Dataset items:
■ ■ ■ ■ ■ ■ ■
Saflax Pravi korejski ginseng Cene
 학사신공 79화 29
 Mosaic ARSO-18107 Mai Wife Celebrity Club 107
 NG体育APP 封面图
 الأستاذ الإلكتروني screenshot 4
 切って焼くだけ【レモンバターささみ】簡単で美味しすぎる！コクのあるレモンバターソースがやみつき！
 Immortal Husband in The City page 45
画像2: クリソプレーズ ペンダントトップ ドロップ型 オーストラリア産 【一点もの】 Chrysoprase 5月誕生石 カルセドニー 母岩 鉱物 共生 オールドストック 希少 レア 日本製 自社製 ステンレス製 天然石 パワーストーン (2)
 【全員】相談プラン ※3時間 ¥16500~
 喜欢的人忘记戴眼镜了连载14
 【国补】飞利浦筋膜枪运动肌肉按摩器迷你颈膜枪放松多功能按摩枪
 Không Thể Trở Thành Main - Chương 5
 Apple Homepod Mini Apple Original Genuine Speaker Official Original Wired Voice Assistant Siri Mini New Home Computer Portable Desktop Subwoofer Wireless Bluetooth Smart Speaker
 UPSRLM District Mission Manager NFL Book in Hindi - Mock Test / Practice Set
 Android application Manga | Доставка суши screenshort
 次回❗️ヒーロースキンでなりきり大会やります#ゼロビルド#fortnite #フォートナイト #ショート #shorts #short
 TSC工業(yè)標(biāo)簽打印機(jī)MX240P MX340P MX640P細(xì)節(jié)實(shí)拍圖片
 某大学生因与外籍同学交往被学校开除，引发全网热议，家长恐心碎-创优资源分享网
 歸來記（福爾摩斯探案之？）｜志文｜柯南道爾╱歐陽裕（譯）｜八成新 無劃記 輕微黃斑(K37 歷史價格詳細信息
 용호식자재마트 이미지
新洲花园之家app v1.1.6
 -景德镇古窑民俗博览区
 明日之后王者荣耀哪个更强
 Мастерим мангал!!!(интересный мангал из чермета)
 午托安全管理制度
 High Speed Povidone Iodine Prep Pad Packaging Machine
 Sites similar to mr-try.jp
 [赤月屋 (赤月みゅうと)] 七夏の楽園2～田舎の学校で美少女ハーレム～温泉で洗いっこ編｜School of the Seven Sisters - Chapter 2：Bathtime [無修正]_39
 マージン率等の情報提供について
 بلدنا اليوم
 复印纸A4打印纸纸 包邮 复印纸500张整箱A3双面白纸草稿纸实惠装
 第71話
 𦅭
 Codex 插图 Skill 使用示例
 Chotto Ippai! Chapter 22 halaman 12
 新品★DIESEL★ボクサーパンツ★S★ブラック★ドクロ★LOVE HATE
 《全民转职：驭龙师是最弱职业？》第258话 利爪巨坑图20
■ ■ ■ ■ ■ ■ ■
Please print the records above exactly from their first line. End with the line containing "Sites similar to mr-try.jp", and include it.

*RESULT BELOW*
Saflax Pravi korejski ginseng Cene
 학사신공 79화 29
 Mosaic ARSO-18107 Mai Wife Celebrity Club 107
 NG体育APP 封面图
 الأستاذ الإلكتروني screenshot 4
 切って焼くだけ【レモンバターささみ】簡単で美味しすぎる！コクのあるレモンバターソースがやみつき！
 Immortal Husband in The City page 45
画像2: クリソプレーズ ペンダントトップ ドロップ型 オーストラリア産 【一点もの】 Chrysoprase 5月誕生石 カルセドニー 母岩 鉱物 共生 オールドストック 希少 レア 日本製 自社製 ステンレス製 天然石 パワーストーン (2)
 【全員】相談プラン ※3時間 ¥16500~
 喜欢的人忘记戴眼镜了连载14
 【国补】飞利浦筋膜枪运动肌肉按摩器迷你颈膜枪放松多功能按摩枪
 Không Thể Trở Thành Main - Chương 5
 Apple Homepod Mini Apple Original Genuine Speaker Official Original Wired Voice Assistant Siri Mini New Home Computer Portable Desktop Subwoofer Wireless Bluetooth Smart Speaker
 UPSRLM District Mission Manager NFL Book in Hindi - Mock Test / Practice Set
 Android application Manga | Доставка суши screenshort
 次回❗️ヒーロースキンでなりきり大会やります#ゼロビルド#fortnite #フォートナイト #ショート #shorts #short
 TSC工業(yè)標(biāo)簽打印機(jī)MX240P MX340P MX640P細(xì)節(jié)實(shí)拍圖片
 某大学生因与外籍同学交往被学校开除，引发全网热议，家长恐心碎-创优资源分享网
 歸來記（福爾摩斯探案之？）｜志文｜柯南道爾╱歐陽裕（譯）｜八成新 無劃記 輕微黃斑(K37 歷史價格詳細信息
 용호식자재마트 이미지
新洲花园之家app v1.1.6
 -景德镇古窑民俗博览区
 明日之后王者荣耀哪个更强
 Мастерим мангал!!!(интересный мангал из чермета)
 午托安全管理制度
 High Speed Povidone Iodine Prep Pad Packaging Machine
 Sites similar to mr-try.jp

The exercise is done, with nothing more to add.